Materials provided:

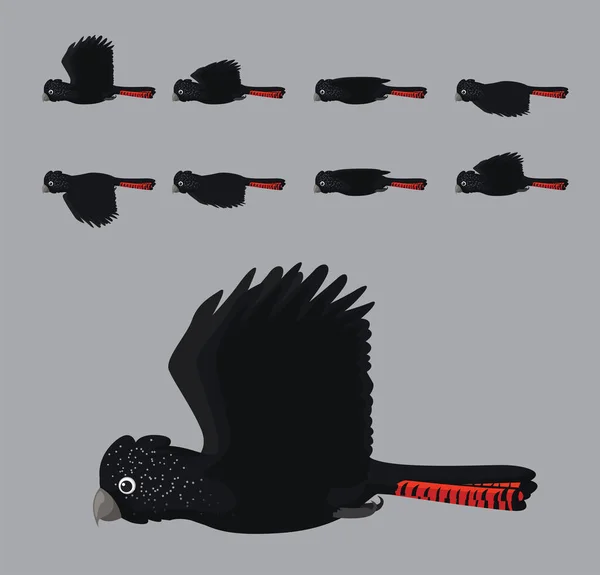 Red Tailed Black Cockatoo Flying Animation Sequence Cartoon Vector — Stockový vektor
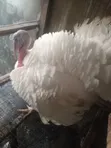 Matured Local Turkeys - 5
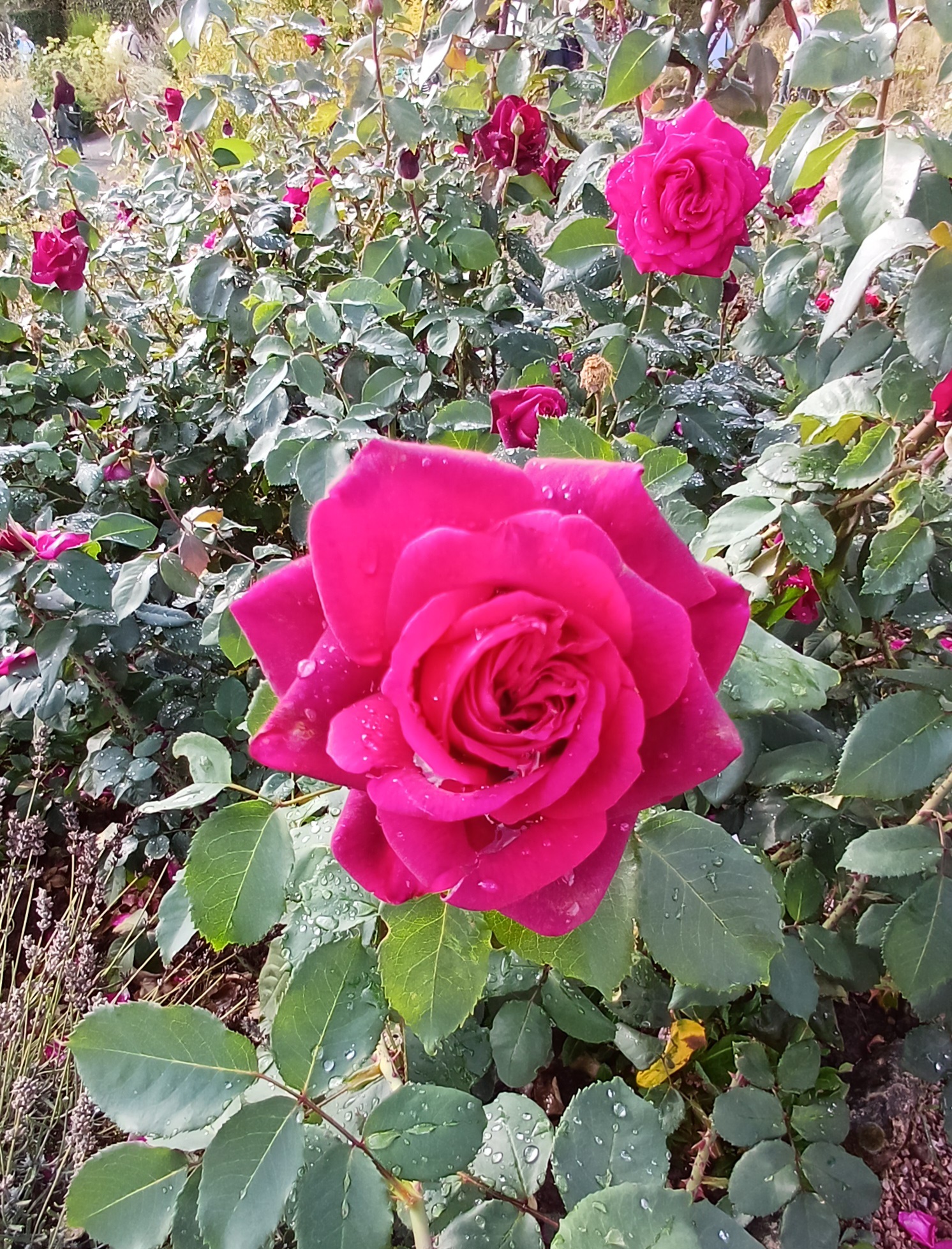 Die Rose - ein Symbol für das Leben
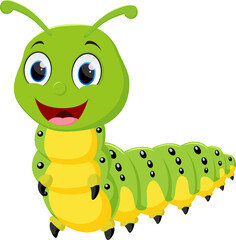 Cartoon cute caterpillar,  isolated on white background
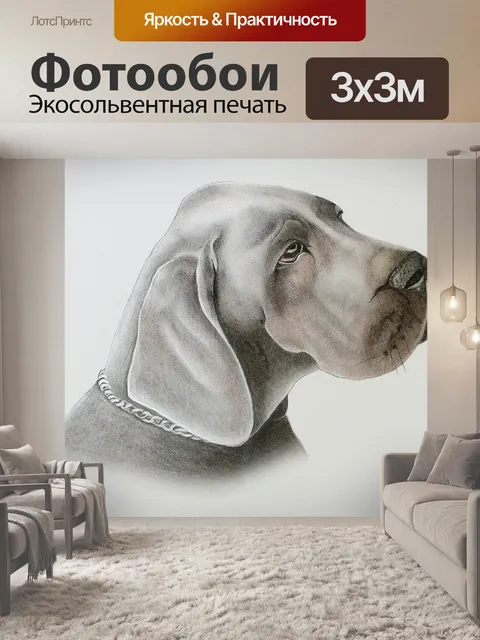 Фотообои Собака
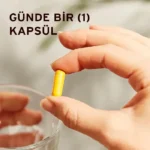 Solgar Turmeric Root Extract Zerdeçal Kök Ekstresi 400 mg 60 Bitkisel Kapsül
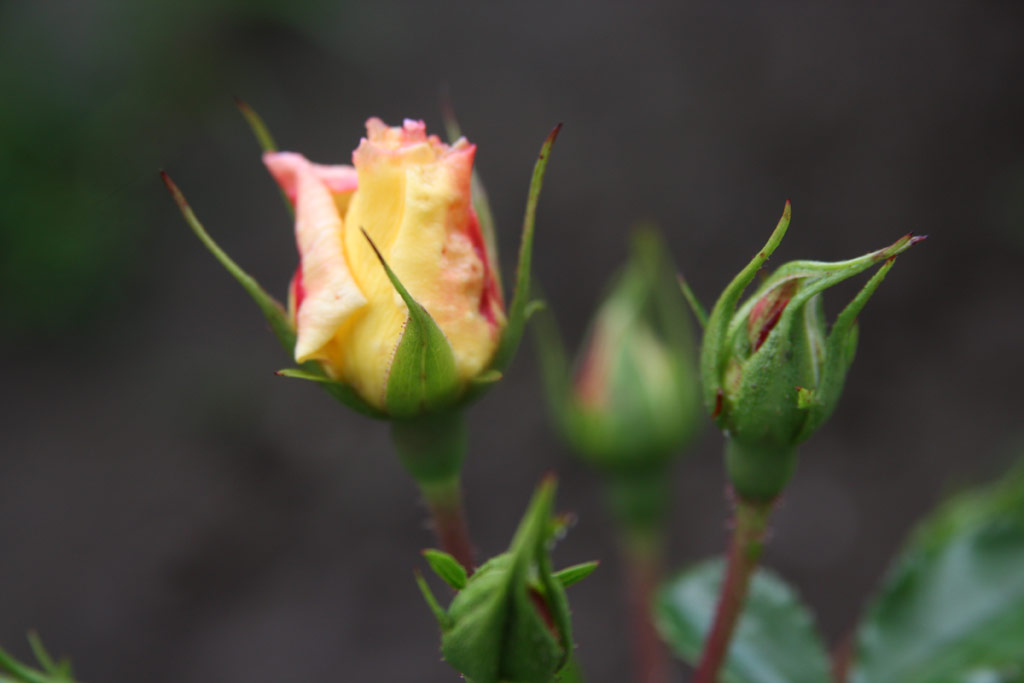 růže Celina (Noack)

Exercise brief:
Every line from the one containing "Matured Local Turkeys - 5" through the last line of the listing must be written out again exactly, and no other line. Leave the pictures aside.

Answer for the task:
 Matured Local Turkeys - 5
 Die Rose - ein Symbol für das Leben
 Cartoon cute caterpillar,  isolated on white background
 Фотообои Собака
 Solgar Turmeric Root Extract Zerdeçal Kök Ekstresi 400 mg 60 Bitkisel Kapsül
 růže Celina (Noack)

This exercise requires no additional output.